■ **Exercise aim**
Beginning with the line that contains "OCULOS ALPINESTARS SUPERTECH", copy each subsequent line of the data below through the last one, including both ends but not the pictures.

■ **Data segment**

*-*-*

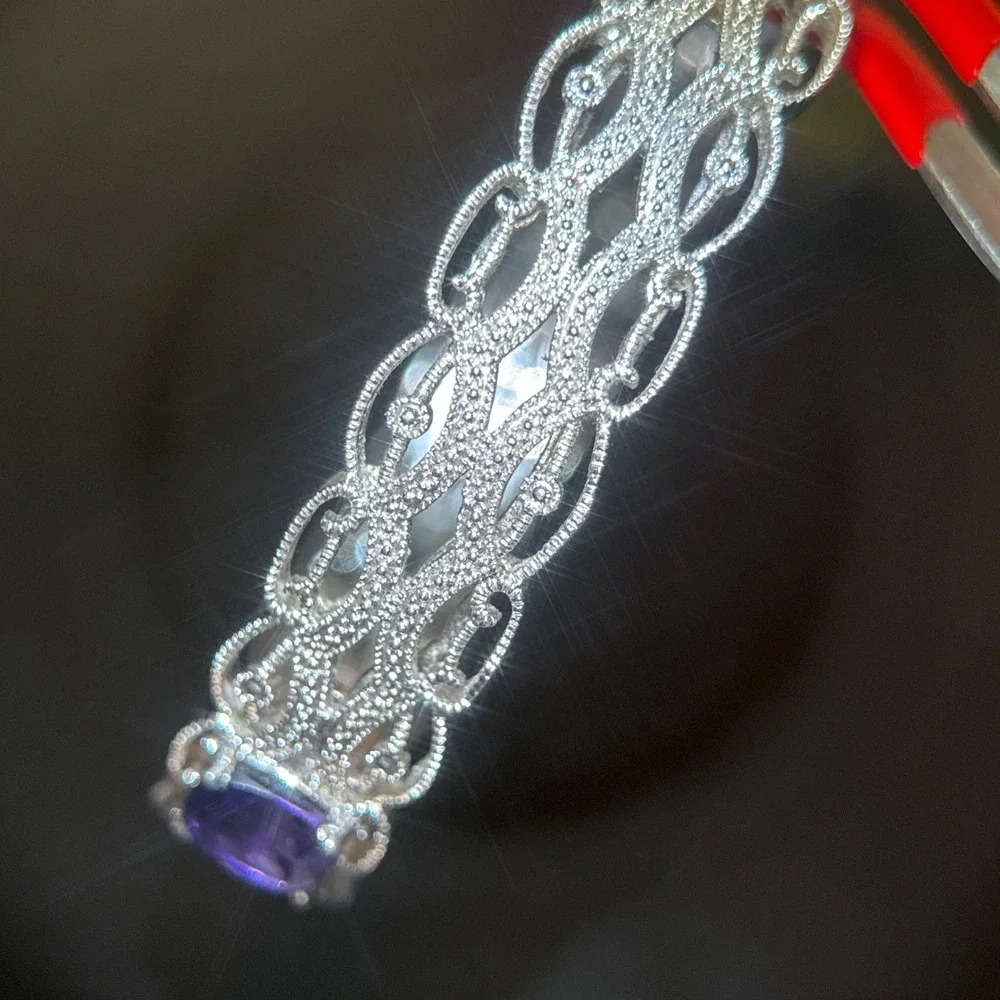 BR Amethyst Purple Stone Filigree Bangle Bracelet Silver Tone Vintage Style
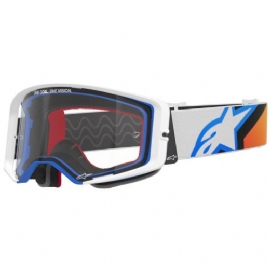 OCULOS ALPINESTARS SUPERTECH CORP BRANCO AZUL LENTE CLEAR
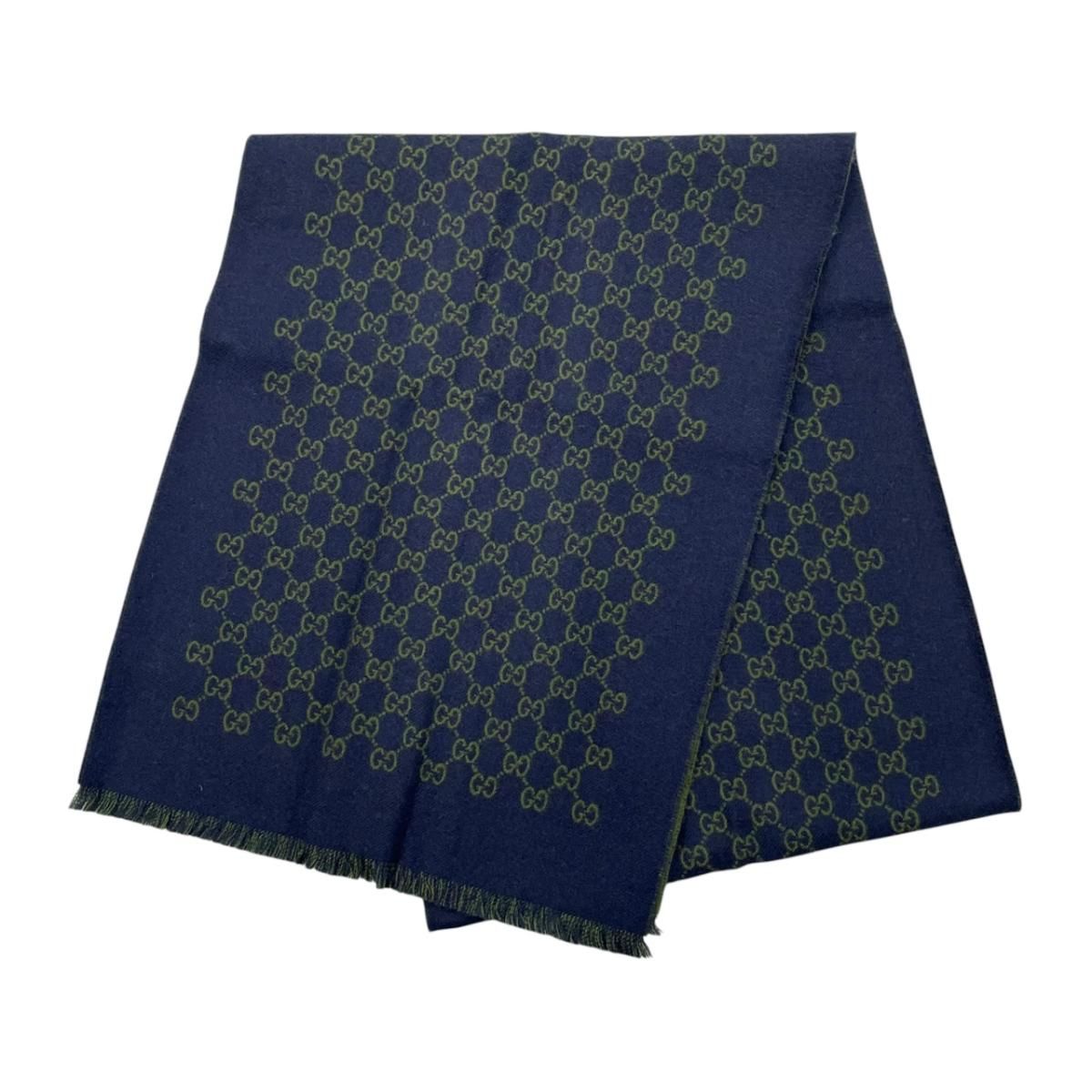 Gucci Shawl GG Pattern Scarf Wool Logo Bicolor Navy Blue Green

*-*-*

■ **Solution for this task**
 OCULOS ALPINESTARS SUPERTECH CORP BRANCO AZUL LENTE CLEAR
 Gucci Shawl GG Pattern Scarf Wool Logo Bicolor Navy Blue Green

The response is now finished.